Benjamin Whitmer – Evasion, traduit par Jacques Mailhos – Gallmeister 2018.

Les premiers chapitres de ce roman sont une plongée dans un bain de violence d’une rare intensité, poussée au niveau de Ellroy mais sans la vulgarité, ce qui la rend encore plus forte. Accrochez-vous et vous allez découvrir un superbe roman d’une noirceur infinie mais subtil et très puissant. Le roman se déroule en 1968 mais reste tout à fait actuel ; il dresse le portrait d’une Amérique ravagée, raciste, haineuse, pauvre, déclassée ; exactement celle qui a voté Trump.

Noël 1968, une douzaine de détenus s’évadent de la prison de Old Lonesome, au fin fond du Colorado, alors même que sévit une tempête de blizzard.

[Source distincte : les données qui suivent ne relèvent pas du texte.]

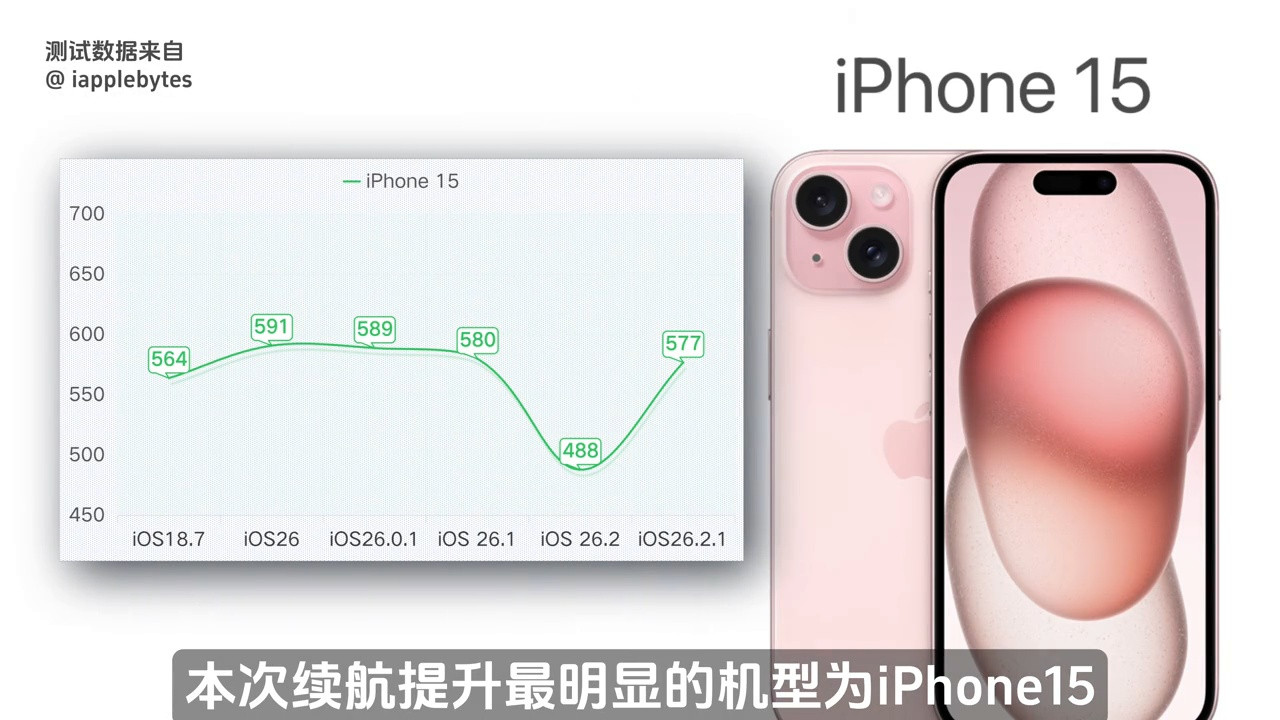 iOS 26.2.1升级避坑指南：这些机型续航骤降30%！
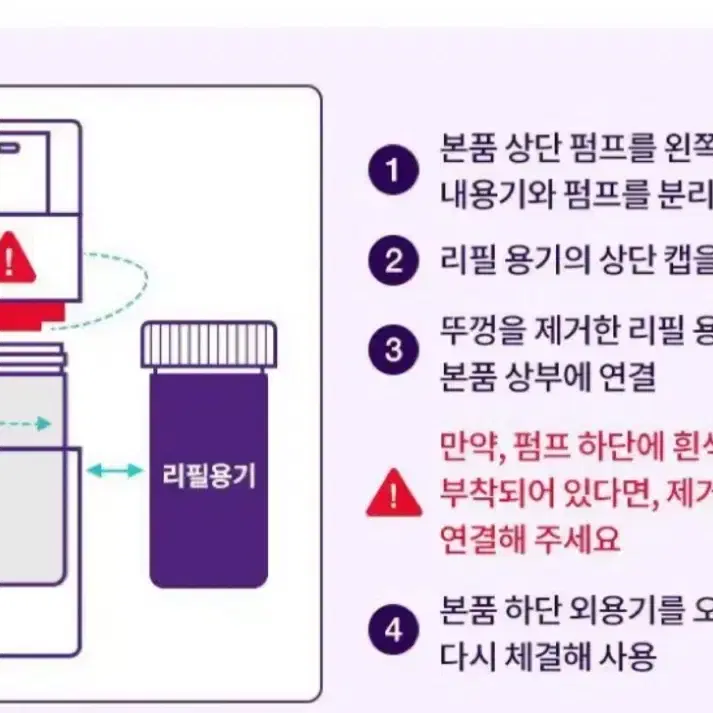 새상품) 닥터지 바쿠치올 포어젯 세럼 30ml 리필 + 크림 +세럼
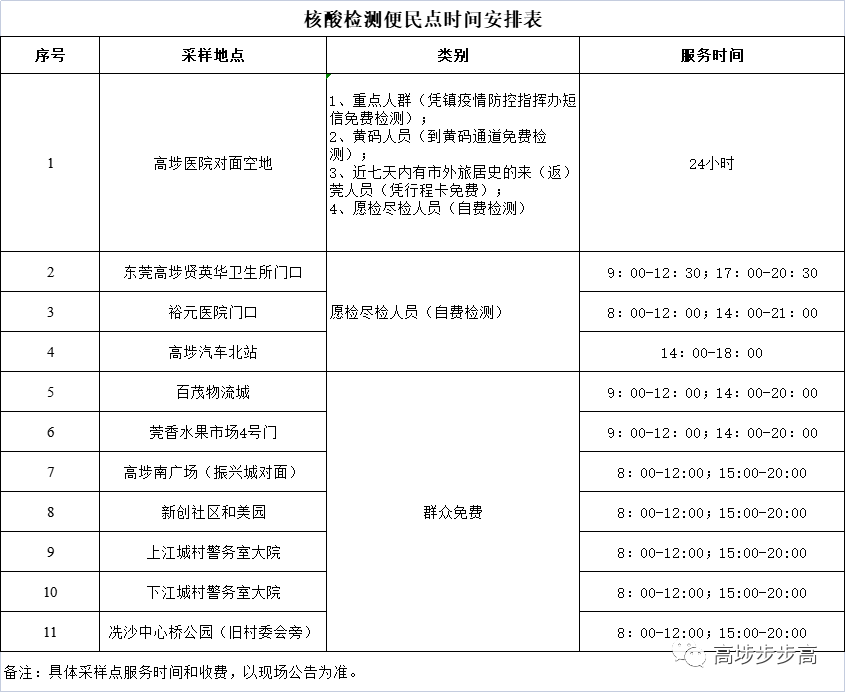 今天 东莞这些镇街 园区 开展区域核酸检测 采样 便民 社区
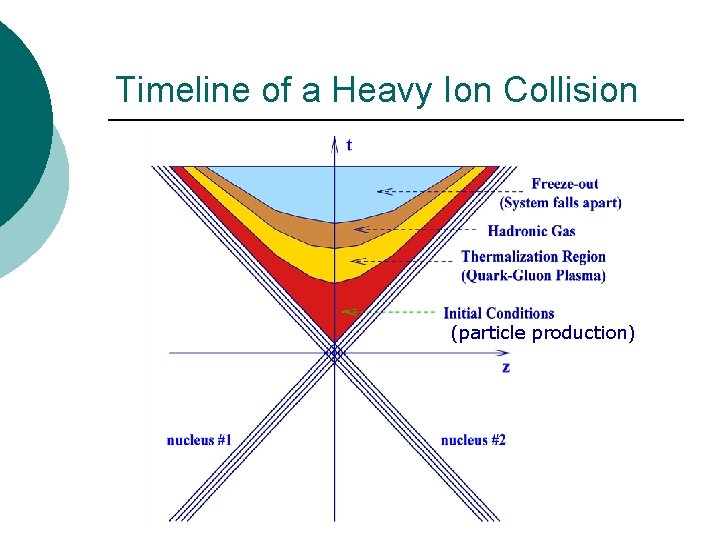 Timeline of a Heavy Ion Collision (particle production) 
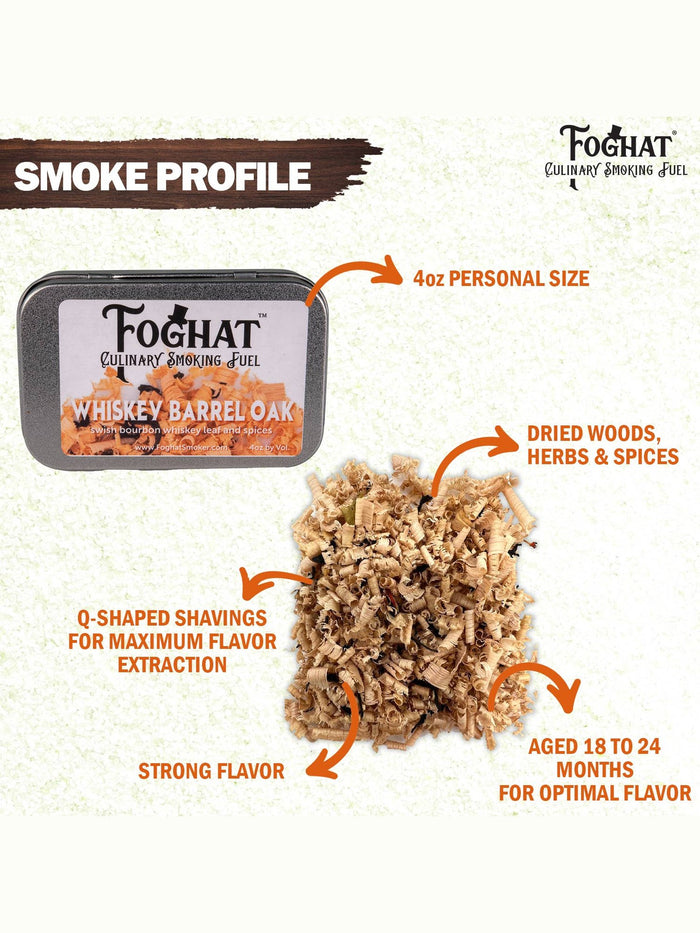Whiskey Barrel Oak - Foghat Culinary Smoking Fuel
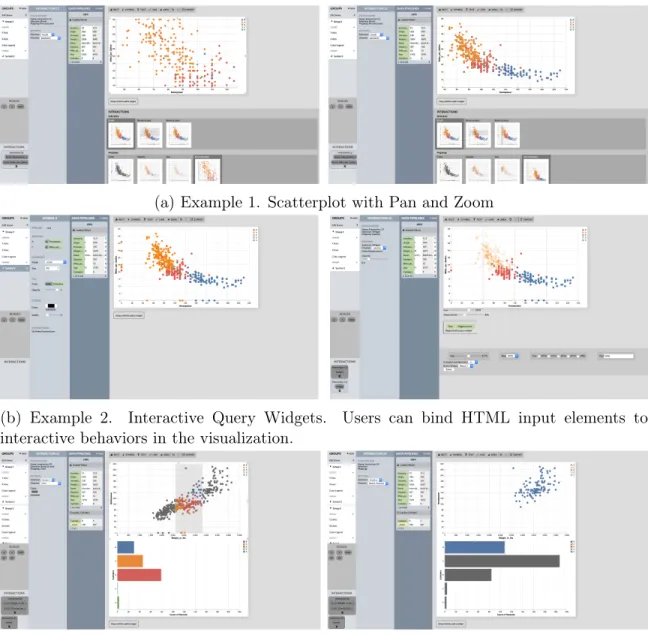 Figure 5-1: Example visualizations demonstrating Lyra’s expressivity.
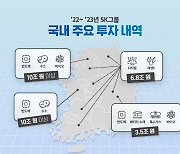 SK그룹, 5년간 비수도권에 67조원 투자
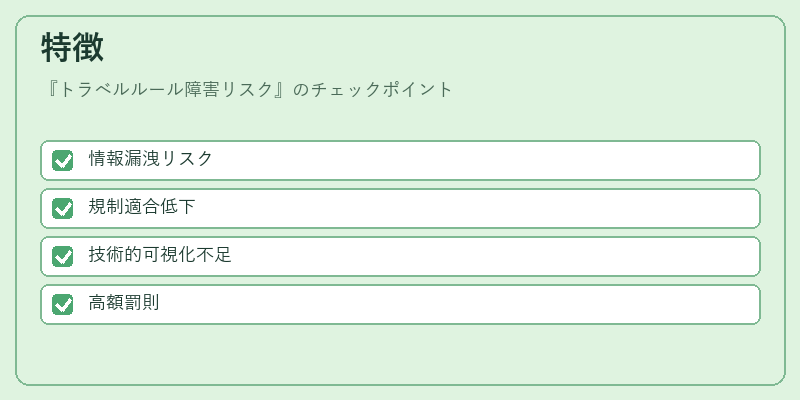 特徴（トラベルルール障害リスク）の図解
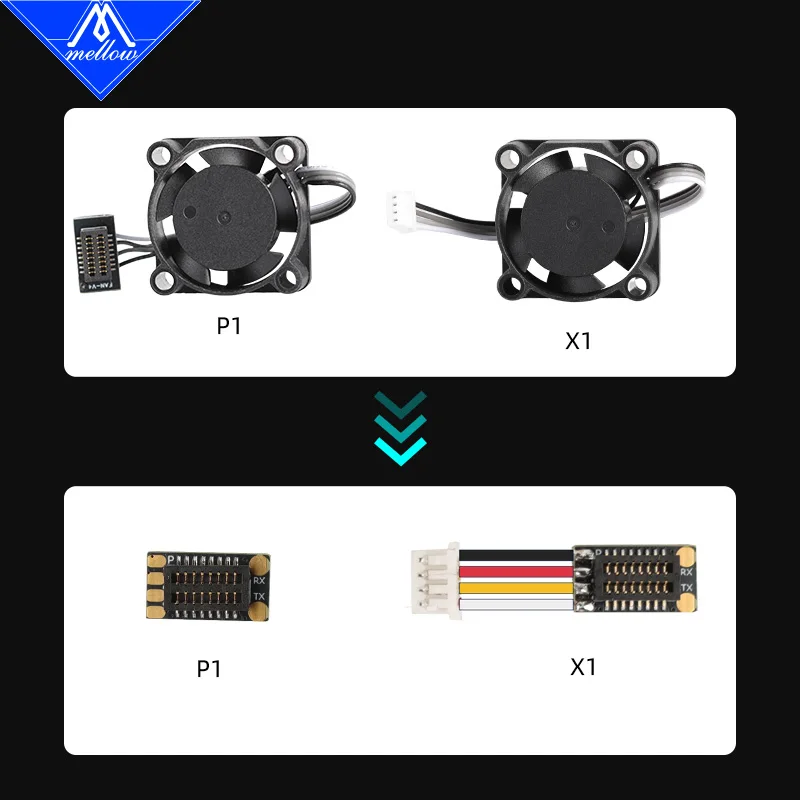 Sanftes DIY-TZ-Wasser-Hotend für Upgrade Bambu Lab X1 X1C P1P P1S Voron Blv 3D-Drucker mit Metallextruder zur Reduzierung von Verstopfungen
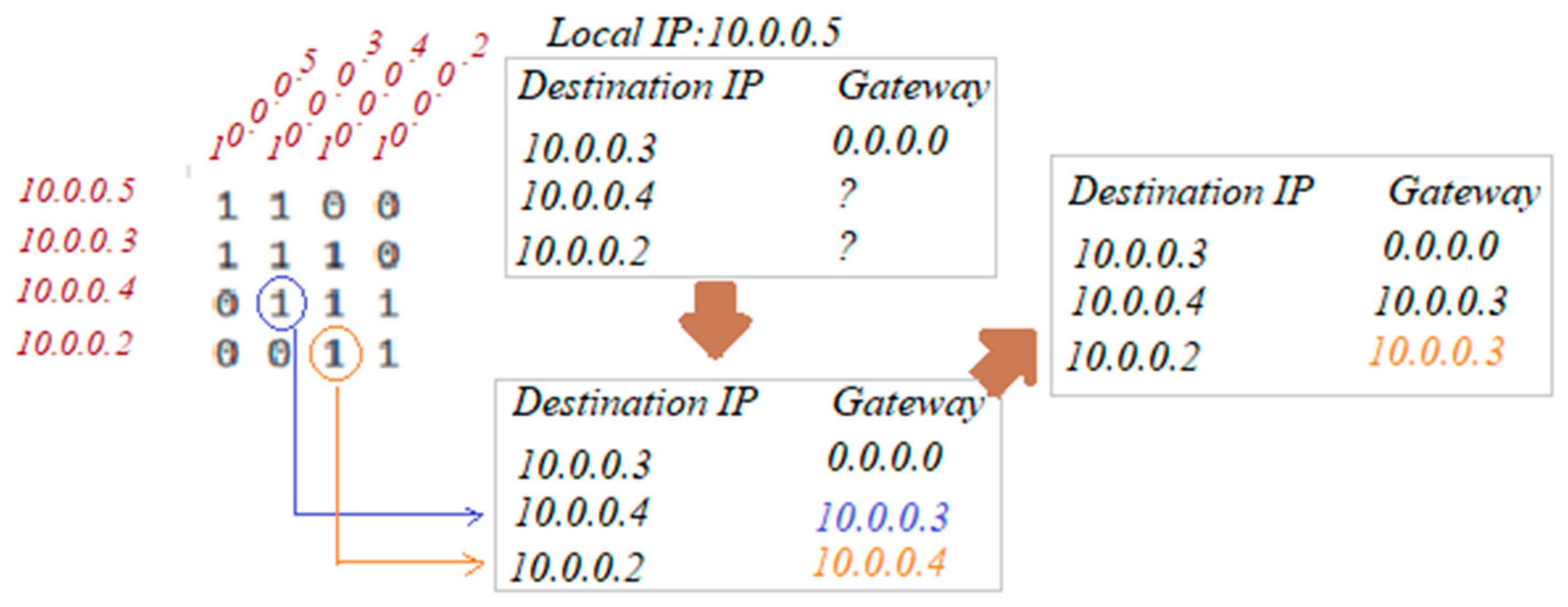 Electronics 11 00425 g018 550
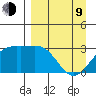 Bechevin Bay tide chart for Thursday, April 9, 2026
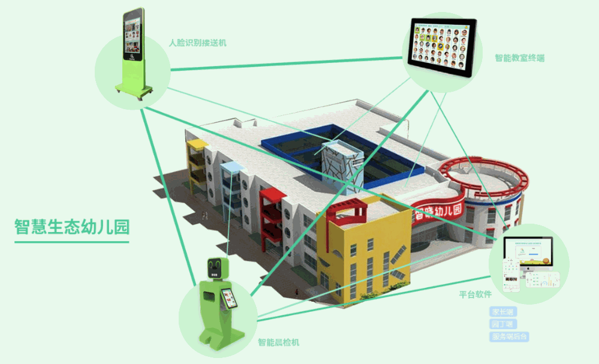 知曉物聯(lián)智能家居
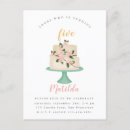 Search for hand painted birthday cards Pink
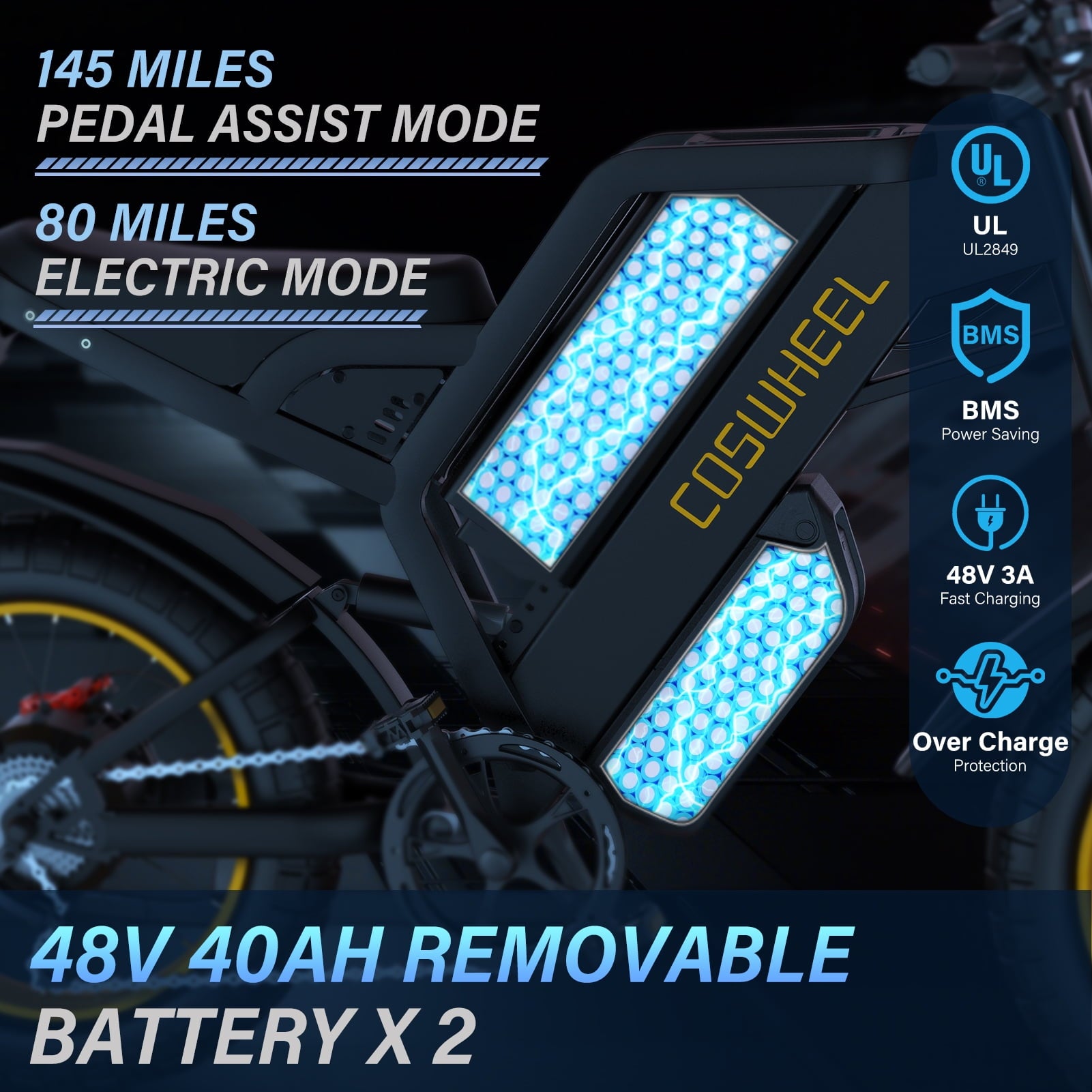 COSWHEEL GT20 Pro Electric Bike for Adults MTB 160Nm, with 48V/25Ah Removable Battery, Up to 31MPH & 145 Miles,UL2849, Electric Motorcycle with 7-Speed, 20 x 4.0 Fat Tire Ebikes for Adults Electric Bikes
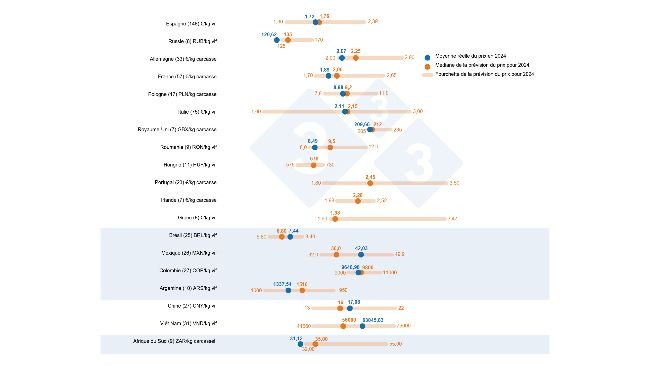 Graphique 1. Enquête 333 sur le prix du porc en 2024 : comparaison entre les prévisions des utilisateurs de 333 (22 janvier - 12 février 2024) et le prix réel enregistré sur l’ensemble de l’exercice 2024. Le nombre de données analysées est indiqué entre parenthèses.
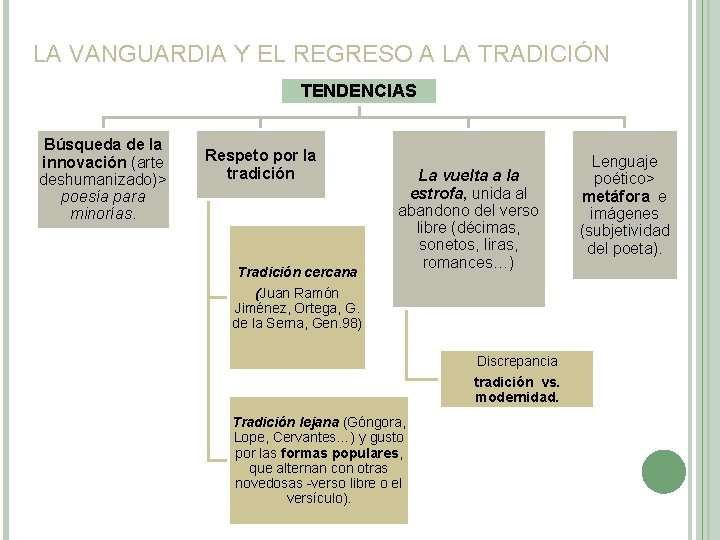 LA VANGUARDIA Y EL REGRESO A LA TRADICIÓN TENDENCIAS Búsqueda de la innovación (arte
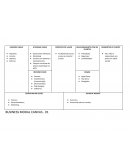 Business Modal Canvas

Une chasse à l’homme impitoyable se met en place, menée par le directeur Jugg, véritable dictateur de la prison et de la ville. Les gardiens ou les journalistes qui participent à cette traque sont marqués par la guerre, en Europe, Corée ou Viet-Nam ; quelques-uns y ont laissé des neurones, la plupart sont conditionnés par ce qu’ils ont vécu sur le champ de bataille. Le roman n’évoque pas seulement la chasse à l’homme mais s’attarde aussi sur l’histoire des protagonistes, vue avec différentes focales, et parvient dresser des portraits sensibles de ces brutes.

Quelques personnages sortent du lot : Mopar Horn, évadé obnubilé par Molly
dont il a tué le mari ; sa cousine Dayton qui part à sa recherche et se révèle une sacrée bonne femme qu’il ne faut pas embêter ; Jim Cavey, gardien atypique, pisteur hors pair qui est englué dans ses conflits internes et Charles Coleman, le garagiste noir qui ne hurle pas avec les loups.

Tous les habitants de la ville sont concernés par l’évasion et ce roman décrit une société désespérée, à bout de souffle, un microcosme englué dans la pauvreté et la misère.